Nick Vigil is less of a sideline-to-sideline linebacker and more of a downhill thumper/special teams contributor. He’ll likely make the roster given the guarantees in his contract, but Surratt figures to have a better chance to eventually earn a starting role, particularly given that despite his age he still offers a lot of upside as he’s only played linebacker for two years.
As detailed above, I think Patrick Jones has a solid shot at winning a starting role outright or at least playing heavy rotational snaps next year. Jaylen Twyman is tougher to predict as it seems he would do best as an undersized penetrating under tackle, but Twyman is not currently in shape for that kind of work after opting out and adding some bad weight in an effort to prove to teams he could be a full-time starting defensive tackle. For a sixth-round pick, I’m actually really optimistic about his chances to contribute as a rotational interior pass rusher, not entirely dissimilar from Tom Johnson, but we’ll have to see if Andre Patterson and the Vikings agree and can mold him into that kind of player in the NFL.

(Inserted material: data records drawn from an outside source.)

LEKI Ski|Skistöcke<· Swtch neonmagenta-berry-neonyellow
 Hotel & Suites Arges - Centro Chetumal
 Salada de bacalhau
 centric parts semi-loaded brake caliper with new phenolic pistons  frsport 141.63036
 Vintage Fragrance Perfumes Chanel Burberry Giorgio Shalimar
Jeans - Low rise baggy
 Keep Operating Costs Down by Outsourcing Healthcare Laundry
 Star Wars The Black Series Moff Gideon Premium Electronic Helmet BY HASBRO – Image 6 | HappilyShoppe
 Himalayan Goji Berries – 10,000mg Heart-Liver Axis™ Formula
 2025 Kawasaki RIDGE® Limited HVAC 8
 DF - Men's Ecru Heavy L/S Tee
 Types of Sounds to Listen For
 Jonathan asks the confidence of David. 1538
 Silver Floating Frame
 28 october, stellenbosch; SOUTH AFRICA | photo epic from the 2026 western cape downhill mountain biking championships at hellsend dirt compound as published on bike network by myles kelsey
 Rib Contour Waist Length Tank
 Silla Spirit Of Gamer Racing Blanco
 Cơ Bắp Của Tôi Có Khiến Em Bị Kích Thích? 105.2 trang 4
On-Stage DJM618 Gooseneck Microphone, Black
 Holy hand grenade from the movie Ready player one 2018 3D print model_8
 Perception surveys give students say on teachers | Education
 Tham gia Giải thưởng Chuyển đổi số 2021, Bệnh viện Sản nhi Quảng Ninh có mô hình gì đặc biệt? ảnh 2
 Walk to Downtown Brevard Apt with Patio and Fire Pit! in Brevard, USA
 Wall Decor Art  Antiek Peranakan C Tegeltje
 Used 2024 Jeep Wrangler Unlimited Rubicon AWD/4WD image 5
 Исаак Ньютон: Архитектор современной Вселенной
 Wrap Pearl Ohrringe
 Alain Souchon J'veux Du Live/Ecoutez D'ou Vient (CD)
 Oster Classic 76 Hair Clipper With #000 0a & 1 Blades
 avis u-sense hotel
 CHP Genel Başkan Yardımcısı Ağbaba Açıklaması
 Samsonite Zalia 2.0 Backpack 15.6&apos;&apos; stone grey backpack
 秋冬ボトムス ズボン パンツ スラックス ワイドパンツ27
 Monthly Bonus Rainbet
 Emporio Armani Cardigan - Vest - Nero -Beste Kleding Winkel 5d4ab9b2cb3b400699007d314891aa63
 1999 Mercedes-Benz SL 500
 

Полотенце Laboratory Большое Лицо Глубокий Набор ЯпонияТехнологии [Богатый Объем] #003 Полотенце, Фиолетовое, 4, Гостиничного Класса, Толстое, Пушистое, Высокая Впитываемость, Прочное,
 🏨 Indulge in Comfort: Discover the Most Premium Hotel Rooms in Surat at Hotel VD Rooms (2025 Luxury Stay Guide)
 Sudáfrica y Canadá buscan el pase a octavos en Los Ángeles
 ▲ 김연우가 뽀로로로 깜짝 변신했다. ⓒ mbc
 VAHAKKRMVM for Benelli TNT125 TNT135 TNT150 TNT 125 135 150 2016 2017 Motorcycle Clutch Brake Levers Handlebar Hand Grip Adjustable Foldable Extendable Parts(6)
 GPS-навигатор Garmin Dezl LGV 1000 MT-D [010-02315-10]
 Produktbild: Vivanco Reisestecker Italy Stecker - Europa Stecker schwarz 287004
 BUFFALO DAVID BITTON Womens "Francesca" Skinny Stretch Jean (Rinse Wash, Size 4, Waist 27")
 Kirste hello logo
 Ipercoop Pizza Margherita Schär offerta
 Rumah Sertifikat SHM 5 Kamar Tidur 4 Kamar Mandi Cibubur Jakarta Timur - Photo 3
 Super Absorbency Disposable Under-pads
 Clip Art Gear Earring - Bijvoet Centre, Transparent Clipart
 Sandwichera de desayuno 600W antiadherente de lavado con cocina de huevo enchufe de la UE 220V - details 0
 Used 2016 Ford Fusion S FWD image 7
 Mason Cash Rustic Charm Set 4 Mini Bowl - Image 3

Via DM: Say everything goes right for the players the Vikings drafted — they actually get two day 1 starting OL, a starting edge and rotational interior rusher, enough special teams help, etc.— are the Vikings contenders?
Pro Football Focus previewed the Vikings’ projected pre-draft starting lineup below:
“Contenders” might be overstating it, but if the Vikings indeed wind up with three rookie starters, plugging every hole in the trenches, then there’s a good case to be made that they would have one of the most complete rosters in the NFL. The majority of the starters would be above average, leaving opposing offenses with very few weak points to target while leaving opposing defenses with too many threats, on the ground and in the air, to slow down.
If things pan out well, I think this is a team that can easily win the NFC North and is more than capable of going on a run in the playoffs. It would require a lot of luck, particularly good injury luck given this roster’s limited depth. But in the offseason where hope springs eternal, it’s fun to dream about.